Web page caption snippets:
===
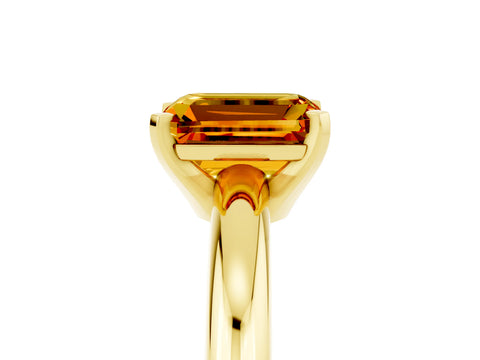 Yellow gold Emerald Cut Citrine Solitaire Engagement Ring with Round Band and Four-Prong Setting_5
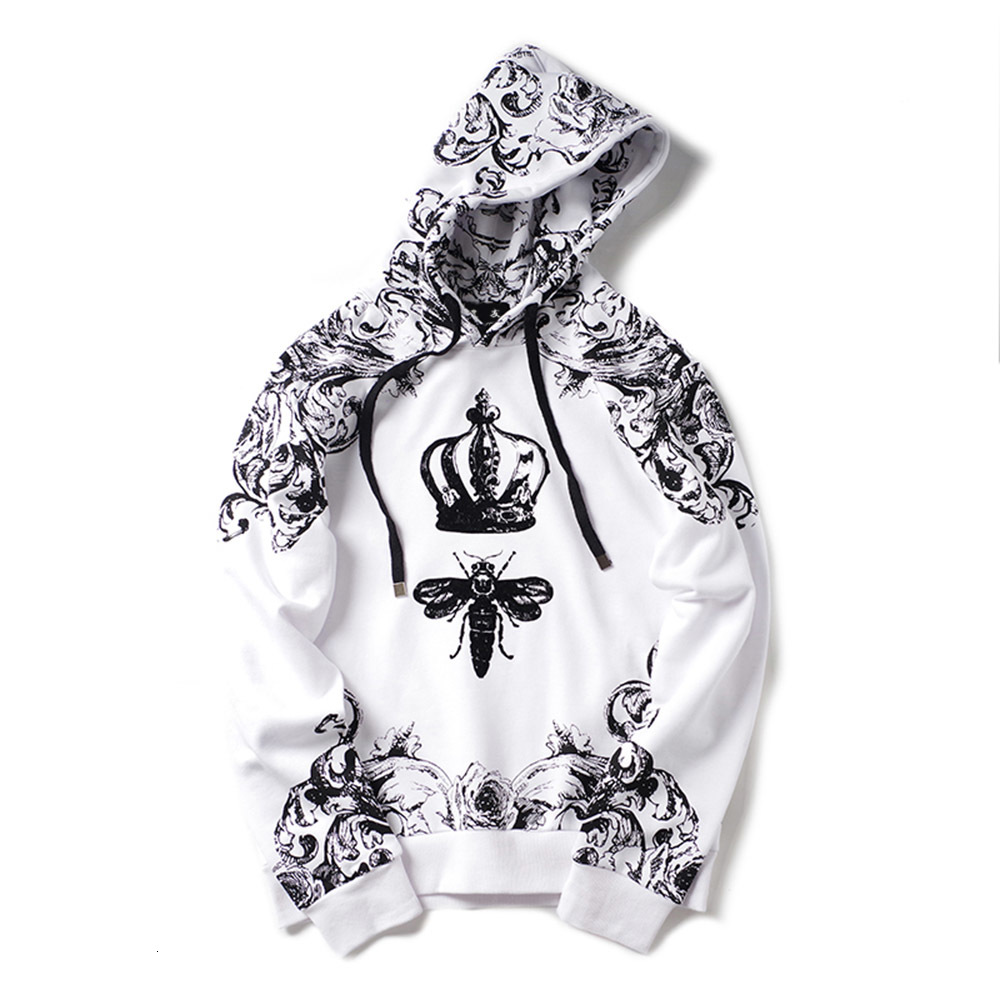 Hot Sale Fashion Men Casual Hoodies Print Crown Bees Hip Hop Cotton Long Sleeve Sweatshirt Y31b, White
Hot Sale Fashion Men Casual Hoodies Print Crown Bees Hip Hop Cotton Long Sleeve Sweatshirt Y31b, White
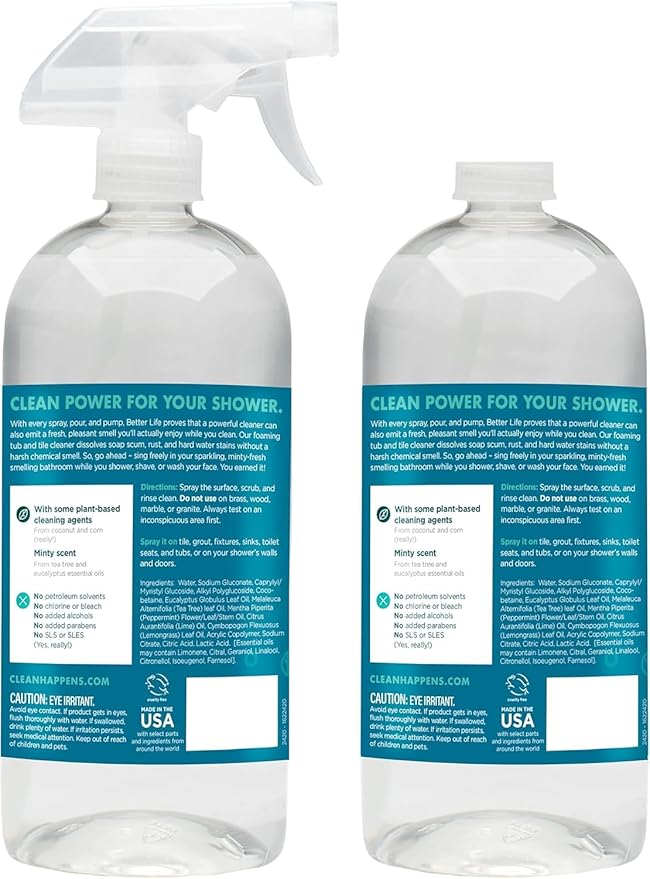 BETTER LIFE Bathroom Cleaner - Tea Tree Bathtub &amp Shower Cleaner Spray for Glass and Tile - Foaming Mold and Mildew Remover for Tub Works on Hard Water Stains - 32oz (Pack of 2)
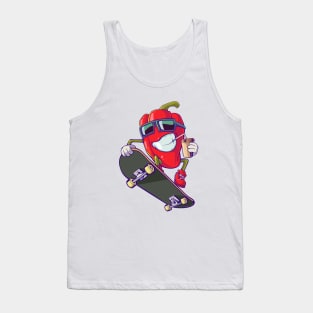 Red pepper on a skateboard. Tank Top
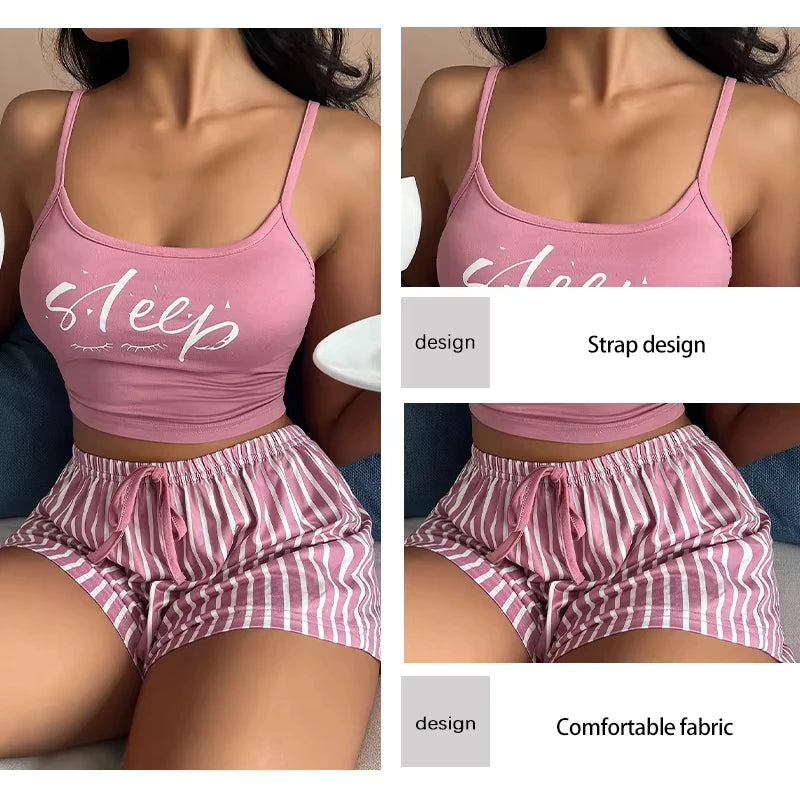 Letter Print Pajama Set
===
» Exercise prompt
All entries above, minus the pictures, should be repeated exactly.

» Reply to the exercise
 Yellow gold Emerald Cut Citrine Solitaire Engagement Ring with Round Band and Four-Prong Setting_5
 Hot Sale Fashion Men Casual Hoodies Print Crown Bees Hip Hop Cotton Long Sleeve Sweatshirt Y31b, White
Hot Sale Fashion Men Casual Hoodies Print Crown Bees Hip Hop Cotton Long Sleeve Sweatshirt Y31b, White
 BETTER LIFE Bathroom Cleaner - Tea Tree Bathtub &amp Shower Cleaner Spray for Glass and Tile - Foaming Mold and Mildew Remover for Tub Works on Hard Water Stains - 32oz (Pack of 2)
 Red pepper on a skateboard. Tank Top
 Letter Print Pajama Set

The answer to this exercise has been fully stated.